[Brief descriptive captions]

*****

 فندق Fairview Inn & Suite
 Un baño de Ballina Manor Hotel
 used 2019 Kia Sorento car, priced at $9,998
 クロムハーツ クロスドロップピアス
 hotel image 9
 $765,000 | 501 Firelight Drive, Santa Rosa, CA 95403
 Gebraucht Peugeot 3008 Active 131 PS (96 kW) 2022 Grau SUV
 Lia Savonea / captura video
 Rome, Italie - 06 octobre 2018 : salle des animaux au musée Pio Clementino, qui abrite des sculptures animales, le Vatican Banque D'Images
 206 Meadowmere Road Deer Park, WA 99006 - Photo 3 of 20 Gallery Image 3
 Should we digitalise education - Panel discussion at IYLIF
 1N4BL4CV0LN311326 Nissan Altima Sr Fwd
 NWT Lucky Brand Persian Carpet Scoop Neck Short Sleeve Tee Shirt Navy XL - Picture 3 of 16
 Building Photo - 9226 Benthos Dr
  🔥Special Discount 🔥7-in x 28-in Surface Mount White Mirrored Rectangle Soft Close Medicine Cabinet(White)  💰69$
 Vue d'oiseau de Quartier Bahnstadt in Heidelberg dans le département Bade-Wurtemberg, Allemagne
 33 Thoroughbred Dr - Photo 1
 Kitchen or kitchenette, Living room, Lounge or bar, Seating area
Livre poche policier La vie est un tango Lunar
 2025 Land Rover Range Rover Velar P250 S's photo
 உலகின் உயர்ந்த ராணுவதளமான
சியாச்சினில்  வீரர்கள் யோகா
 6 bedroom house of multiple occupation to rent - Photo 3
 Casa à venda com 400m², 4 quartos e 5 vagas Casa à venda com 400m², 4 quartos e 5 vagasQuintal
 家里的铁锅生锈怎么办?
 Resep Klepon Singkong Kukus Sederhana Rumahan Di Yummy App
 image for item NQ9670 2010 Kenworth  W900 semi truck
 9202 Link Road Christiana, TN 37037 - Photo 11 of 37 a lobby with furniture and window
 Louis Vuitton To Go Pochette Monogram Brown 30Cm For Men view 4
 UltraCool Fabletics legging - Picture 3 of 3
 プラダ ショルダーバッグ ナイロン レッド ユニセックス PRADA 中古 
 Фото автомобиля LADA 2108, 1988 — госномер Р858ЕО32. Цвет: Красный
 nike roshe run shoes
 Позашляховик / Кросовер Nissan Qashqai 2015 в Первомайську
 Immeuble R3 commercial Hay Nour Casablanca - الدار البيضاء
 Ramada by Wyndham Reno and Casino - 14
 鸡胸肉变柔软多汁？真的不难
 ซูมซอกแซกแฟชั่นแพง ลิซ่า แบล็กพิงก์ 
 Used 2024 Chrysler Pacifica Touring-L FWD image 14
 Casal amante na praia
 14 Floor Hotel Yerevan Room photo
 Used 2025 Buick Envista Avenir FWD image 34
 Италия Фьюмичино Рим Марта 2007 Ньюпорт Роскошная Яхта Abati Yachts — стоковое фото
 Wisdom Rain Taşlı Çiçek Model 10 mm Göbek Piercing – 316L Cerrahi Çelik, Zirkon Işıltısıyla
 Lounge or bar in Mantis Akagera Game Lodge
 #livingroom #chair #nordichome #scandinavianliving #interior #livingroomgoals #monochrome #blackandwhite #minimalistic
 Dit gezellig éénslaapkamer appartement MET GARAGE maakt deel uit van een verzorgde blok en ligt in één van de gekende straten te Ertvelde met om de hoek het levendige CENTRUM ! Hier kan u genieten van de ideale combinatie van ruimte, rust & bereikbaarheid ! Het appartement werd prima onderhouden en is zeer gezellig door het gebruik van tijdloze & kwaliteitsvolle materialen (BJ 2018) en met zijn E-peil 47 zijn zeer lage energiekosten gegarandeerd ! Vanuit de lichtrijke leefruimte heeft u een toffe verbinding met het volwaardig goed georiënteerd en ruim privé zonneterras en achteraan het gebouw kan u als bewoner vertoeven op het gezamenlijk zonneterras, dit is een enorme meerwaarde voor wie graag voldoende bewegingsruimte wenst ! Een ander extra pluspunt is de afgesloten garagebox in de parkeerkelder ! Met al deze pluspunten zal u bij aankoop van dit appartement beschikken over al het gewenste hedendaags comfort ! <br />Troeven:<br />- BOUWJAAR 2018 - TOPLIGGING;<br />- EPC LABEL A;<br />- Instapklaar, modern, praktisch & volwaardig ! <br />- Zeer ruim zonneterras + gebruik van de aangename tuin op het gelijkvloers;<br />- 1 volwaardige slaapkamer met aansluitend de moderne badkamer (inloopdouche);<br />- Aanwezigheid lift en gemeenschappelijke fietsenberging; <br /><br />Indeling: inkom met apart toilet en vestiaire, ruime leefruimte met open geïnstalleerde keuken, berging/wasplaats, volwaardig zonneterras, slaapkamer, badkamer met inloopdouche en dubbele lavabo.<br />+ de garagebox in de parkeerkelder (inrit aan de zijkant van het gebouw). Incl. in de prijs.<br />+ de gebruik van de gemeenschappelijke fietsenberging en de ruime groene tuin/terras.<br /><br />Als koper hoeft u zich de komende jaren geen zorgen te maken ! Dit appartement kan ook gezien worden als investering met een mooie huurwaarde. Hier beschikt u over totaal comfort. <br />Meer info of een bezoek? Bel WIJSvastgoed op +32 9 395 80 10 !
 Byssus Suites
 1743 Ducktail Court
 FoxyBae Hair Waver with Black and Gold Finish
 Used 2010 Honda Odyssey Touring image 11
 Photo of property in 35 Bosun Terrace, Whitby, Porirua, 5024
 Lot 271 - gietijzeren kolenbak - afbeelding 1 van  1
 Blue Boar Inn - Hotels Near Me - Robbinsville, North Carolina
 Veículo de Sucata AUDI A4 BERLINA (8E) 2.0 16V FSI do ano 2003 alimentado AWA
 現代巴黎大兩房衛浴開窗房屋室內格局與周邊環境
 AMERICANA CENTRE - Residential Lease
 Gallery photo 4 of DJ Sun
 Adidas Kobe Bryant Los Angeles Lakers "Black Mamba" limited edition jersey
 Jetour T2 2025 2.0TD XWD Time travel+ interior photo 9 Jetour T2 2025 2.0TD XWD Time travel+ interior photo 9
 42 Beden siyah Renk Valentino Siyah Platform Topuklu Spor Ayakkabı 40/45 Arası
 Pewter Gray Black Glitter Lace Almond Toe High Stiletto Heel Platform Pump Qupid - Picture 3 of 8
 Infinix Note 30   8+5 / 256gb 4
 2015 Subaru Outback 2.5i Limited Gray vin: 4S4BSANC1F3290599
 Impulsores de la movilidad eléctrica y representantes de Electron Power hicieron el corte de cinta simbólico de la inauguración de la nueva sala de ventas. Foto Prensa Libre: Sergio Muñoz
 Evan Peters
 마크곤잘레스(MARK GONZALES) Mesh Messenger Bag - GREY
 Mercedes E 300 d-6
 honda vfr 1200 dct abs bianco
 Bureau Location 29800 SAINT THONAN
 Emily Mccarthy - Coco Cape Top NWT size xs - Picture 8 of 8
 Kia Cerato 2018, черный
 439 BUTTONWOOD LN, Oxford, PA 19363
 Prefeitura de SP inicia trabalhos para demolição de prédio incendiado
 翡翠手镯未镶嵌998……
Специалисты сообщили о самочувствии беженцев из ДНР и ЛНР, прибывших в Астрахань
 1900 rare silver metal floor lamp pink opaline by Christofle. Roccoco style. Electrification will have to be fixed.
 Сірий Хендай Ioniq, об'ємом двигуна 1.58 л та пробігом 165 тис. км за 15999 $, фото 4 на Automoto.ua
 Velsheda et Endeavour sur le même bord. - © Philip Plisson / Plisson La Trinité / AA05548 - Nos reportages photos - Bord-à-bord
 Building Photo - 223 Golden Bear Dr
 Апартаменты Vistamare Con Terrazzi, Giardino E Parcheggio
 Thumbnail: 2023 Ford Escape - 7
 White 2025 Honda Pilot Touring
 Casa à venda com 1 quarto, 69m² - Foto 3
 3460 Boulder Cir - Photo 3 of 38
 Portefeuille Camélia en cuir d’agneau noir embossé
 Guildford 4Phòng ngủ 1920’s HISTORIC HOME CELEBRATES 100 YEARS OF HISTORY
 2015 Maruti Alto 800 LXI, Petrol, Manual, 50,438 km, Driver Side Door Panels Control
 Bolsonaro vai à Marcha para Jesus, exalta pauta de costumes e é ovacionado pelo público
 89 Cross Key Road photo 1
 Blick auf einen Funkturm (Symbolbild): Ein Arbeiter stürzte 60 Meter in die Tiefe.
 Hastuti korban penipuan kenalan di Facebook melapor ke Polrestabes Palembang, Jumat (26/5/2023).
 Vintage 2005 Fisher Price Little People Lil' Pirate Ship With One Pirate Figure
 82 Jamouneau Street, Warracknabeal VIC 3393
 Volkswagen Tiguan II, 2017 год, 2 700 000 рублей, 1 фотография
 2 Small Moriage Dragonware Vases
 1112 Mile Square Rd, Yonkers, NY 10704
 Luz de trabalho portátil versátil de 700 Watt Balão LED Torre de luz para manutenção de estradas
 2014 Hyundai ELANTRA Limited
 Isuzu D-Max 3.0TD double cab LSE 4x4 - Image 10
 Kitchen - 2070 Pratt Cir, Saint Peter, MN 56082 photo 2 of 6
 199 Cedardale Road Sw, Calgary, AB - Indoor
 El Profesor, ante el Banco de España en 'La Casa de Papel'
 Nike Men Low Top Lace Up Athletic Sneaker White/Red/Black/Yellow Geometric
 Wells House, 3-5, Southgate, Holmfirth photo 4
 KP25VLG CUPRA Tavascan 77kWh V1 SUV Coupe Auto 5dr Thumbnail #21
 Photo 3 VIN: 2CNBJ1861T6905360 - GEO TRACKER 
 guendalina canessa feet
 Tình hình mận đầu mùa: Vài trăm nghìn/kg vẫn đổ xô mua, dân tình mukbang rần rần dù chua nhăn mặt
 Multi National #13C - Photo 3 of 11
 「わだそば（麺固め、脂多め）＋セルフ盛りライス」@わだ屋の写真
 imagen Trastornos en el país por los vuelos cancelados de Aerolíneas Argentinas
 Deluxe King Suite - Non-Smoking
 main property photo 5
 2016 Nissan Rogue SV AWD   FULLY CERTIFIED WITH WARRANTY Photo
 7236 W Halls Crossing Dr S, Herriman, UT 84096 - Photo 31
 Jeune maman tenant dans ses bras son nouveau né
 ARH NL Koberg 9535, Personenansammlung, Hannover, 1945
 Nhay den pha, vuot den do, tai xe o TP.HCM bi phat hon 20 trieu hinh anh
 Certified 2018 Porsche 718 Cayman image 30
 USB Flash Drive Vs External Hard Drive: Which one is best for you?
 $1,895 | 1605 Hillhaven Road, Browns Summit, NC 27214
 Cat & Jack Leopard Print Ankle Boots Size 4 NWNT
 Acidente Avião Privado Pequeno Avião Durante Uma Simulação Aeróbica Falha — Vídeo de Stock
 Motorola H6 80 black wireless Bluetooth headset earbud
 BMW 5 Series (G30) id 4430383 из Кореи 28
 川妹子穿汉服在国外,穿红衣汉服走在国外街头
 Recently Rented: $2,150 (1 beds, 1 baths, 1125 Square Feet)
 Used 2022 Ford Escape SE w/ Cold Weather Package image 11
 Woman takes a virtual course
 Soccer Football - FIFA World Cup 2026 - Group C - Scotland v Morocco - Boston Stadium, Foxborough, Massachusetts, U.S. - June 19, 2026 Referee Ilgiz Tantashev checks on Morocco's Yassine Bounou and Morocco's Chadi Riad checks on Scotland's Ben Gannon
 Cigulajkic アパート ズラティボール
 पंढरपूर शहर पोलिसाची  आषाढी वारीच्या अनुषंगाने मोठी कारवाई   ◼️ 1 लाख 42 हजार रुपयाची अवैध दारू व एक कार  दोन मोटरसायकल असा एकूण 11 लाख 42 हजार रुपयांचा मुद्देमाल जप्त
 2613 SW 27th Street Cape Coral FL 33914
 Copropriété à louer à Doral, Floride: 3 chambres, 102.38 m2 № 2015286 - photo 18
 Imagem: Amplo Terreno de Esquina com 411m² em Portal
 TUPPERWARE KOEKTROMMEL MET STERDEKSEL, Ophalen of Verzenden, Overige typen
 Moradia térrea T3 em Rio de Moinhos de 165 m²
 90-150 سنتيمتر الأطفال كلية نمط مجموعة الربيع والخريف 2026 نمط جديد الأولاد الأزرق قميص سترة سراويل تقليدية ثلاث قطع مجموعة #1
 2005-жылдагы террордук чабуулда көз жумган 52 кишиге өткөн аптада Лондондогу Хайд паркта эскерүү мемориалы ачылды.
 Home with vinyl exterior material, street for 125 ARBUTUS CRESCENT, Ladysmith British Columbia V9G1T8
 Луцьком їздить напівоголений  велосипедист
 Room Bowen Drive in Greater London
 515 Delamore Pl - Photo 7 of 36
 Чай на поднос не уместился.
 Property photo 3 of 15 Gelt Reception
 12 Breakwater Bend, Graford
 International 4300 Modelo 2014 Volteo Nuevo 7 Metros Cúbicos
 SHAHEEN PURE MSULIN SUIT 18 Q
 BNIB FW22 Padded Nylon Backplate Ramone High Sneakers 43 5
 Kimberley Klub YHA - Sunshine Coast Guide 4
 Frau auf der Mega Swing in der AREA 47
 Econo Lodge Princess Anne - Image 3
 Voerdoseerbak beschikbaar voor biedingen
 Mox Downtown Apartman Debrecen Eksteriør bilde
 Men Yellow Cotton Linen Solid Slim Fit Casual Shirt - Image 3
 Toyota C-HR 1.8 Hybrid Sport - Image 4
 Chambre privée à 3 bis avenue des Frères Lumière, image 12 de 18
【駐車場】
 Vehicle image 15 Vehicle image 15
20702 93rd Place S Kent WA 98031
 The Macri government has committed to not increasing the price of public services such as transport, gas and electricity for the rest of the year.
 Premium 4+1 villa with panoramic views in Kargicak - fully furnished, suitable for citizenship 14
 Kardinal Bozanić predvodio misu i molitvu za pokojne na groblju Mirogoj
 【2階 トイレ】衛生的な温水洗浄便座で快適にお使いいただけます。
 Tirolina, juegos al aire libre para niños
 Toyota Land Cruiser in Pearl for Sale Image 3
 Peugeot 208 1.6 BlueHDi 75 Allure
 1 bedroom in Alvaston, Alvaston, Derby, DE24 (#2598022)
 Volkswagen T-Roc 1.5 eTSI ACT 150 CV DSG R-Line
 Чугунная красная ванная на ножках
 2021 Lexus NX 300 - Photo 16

*****

▸ **What you need to do**:
Take the stretch of lines above from the one containing "Volkswagen Tiguan II, 2017" through the one containing "KP25VLG CUPRA Tavascan" and repeat it exactly, adding no other line.

▸ **Exercise output**:
 Volkswagen Tiguan II, 2017 год, 2 700 000 рублей, 1 фотография
 2 Small Moriage Dragonware Vases
 1112 Mile Square Rd, Yonkers, NY 10704
 Luz de trabalho portátil versátil de 700 Watt Balão LED Torre de luz para manutenção de estradas
 2014 Hyundai ELANTRA Limited
 Isuzu D-Max 3.0TD double cab LSE 4x4 - Image 10
 Kitchen - 2070 Pratt Cir, Saint Peter, MN 56082 photo 2 of 6
 199 Cedardale Road Sw, Calgary, AB - Indoor
 El Profesor, ante el Banco de España en 'La Casa de Papel'
 Nike Men Low Top Lace Up Athletic Sneaker White/Red/Black/Yellow Geometric
 Wells House, 3-5, Southgate, Holmfirth photo 4
 KP25VLG CUPRA Tavascan 77kWh V1 SUV Coupe Auto 5dr Thumbnail #21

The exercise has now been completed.